Hermes Agent changes that. It's an open-source, self-hostable AI agent that I run inside a Docker container on my own machine. The model runs through Ollama Cloud — specifically GLM-5.1 — so inference happens remotely but the orchestration, memory, and tool execution stay local. Web search goes through my own SearXNG instance, also containerized. Nothing leaves my network unless I explicitly tell it to.
> The Stack
Here's what's actually running:
- Hermes Agent — the orchestrator. Handles conversations, memory, skill execution, cron jobs, and multi-step reasoning. Runs in Docker.
- GLM-5.1 via Ollama Cloud — the language model. Inference is offloaded to Ollama's cloud endpoint so I don't need a local GPU. The model handles reasoning, code generation, and all the agent's decision-making.
- SearXNG — a privacy-respecting meta-search engine. Hermes uses it for web search instead of hitting Google or Bing directly. Self-hosted, also in Docker, no tracking, no API keys leaking to third parties.
- Docker — everything runs containerized. Hermes, SearXNG, the Next.js portfolio you're reading right now — all isolated in their own networks. If something breaks or gets compromised, blast radius is contained.
> Why Containerized?
This isn't just about convenience. Security is the real reason.
When you run an AI agent, it has the ability to execute shell commands, read and write files, make HTTP requests, and interact with your system. That's extremely powerful — and extremely dangerous if something goes wrong.

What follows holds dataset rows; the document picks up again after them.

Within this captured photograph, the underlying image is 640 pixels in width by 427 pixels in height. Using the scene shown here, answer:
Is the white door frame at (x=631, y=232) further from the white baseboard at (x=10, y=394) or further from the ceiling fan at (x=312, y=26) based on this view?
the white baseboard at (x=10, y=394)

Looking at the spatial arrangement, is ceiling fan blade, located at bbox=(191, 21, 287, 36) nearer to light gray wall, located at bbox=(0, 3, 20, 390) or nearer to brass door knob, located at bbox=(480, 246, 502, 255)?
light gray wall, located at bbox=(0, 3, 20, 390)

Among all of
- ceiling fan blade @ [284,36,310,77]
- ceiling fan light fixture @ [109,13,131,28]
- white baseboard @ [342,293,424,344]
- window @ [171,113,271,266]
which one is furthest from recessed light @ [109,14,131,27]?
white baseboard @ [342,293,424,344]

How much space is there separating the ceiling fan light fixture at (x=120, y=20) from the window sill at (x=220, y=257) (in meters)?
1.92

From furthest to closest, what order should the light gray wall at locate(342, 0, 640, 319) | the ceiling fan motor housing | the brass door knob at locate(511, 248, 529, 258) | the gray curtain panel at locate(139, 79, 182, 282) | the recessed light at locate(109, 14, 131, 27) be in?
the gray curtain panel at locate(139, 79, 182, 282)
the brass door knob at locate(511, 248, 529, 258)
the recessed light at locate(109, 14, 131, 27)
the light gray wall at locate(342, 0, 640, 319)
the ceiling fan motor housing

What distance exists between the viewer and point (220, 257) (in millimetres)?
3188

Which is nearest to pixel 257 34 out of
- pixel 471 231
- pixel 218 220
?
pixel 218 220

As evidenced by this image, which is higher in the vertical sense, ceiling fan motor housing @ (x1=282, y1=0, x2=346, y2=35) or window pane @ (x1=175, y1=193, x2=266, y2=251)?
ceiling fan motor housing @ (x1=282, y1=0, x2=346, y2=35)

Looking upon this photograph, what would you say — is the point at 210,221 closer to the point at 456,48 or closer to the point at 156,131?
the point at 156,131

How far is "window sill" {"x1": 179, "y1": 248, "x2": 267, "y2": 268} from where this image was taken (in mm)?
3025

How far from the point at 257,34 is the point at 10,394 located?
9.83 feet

By running everything inside Docker containers: - The agent can't access my host filesystem directly — only mounted volumes - Network access is scoped to what the container needs - If a model hallucination triggers a destructive command, the damage is limited to the container - I can rebuild the entire environment from a `docker-compose.yml` in minutes This is the same principle as sandboxing a browser. You give the agent enough power to be useful, but you draw hard lines around what it can touch.
> Ollama Cloud vs. Local Inference
I considered running models locally. The problem? My workstation doesn't have a GPU, and even if it did, running a capable model like GLM-5.1 locally requires serious VRAM. The trade-off isn't worth it for a personal agent that needs to be responsive.

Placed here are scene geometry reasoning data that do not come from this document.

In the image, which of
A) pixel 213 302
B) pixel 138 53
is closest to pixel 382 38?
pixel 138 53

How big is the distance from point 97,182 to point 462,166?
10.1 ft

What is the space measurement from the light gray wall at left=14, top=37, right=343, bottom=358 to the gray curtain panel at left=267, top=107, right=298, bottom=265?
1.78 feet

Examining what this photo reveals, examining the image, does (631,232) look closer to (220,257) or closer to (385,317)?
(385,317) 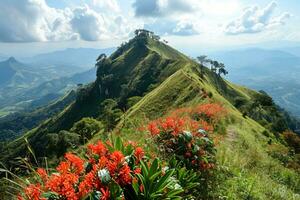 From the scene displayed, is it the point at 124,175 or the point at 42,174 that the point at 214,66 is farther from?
the point at 42,174

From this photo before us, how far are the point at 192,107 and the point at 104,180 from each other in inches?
825

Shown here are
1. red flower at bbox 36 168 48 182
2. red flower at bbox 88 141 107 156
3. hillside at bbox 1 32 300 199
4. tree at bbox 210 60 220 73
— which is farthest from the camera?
tree at bbox 210 60 220 73

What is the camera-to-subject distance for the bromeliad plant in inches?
208

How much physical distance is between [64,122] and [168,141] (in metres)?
165

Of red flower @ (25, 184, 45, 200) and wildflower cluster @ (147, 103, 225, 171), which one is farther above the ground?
red flower @ (25, 184, 45, 200)

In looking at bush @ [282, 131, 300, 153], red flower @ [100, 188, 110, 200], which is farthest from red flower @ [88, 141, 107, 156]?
bush @ [282, 131, 300, 153]

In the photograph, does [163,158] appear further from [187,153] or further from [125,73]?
[125,73]

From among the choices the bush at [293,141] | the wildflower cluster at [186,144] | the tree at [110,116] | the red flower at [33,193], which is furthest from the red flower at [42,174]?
the bush at [293,141]

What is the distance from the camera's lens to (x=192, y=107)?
85.5 ft

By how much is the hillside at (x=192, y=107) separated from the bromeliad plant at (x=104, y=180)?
11.2 inches

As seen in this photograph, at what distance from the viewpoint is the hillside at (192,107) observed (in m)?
11.1

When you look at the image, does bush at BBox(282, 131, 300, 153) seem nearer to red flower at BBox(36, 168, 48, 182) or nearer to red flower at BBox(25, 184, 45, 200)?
red flower at BBox(36, 168, 48, 182)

Ollama Cloud gives me the best of both worlds: the model inference happens on remote GPUs, but the agent logic, memory, and tool execution never leave my machine. The only thing that travels over the wire is the prompt and the completion — no persistent data, no session storage on their end.
It's not fully air-gapped, and I'm honest about that. But for my threat model — personal productivity, not enterprise — the trade-off is acceptable. The sensitive part isn't the model output; it's what the agent can *do* with it.
> SearXNG for Search
Hermes needs web search for research tasks, blog writing, and real-time information. Instead of giving it a Google API key, I run my own SearXNG instance.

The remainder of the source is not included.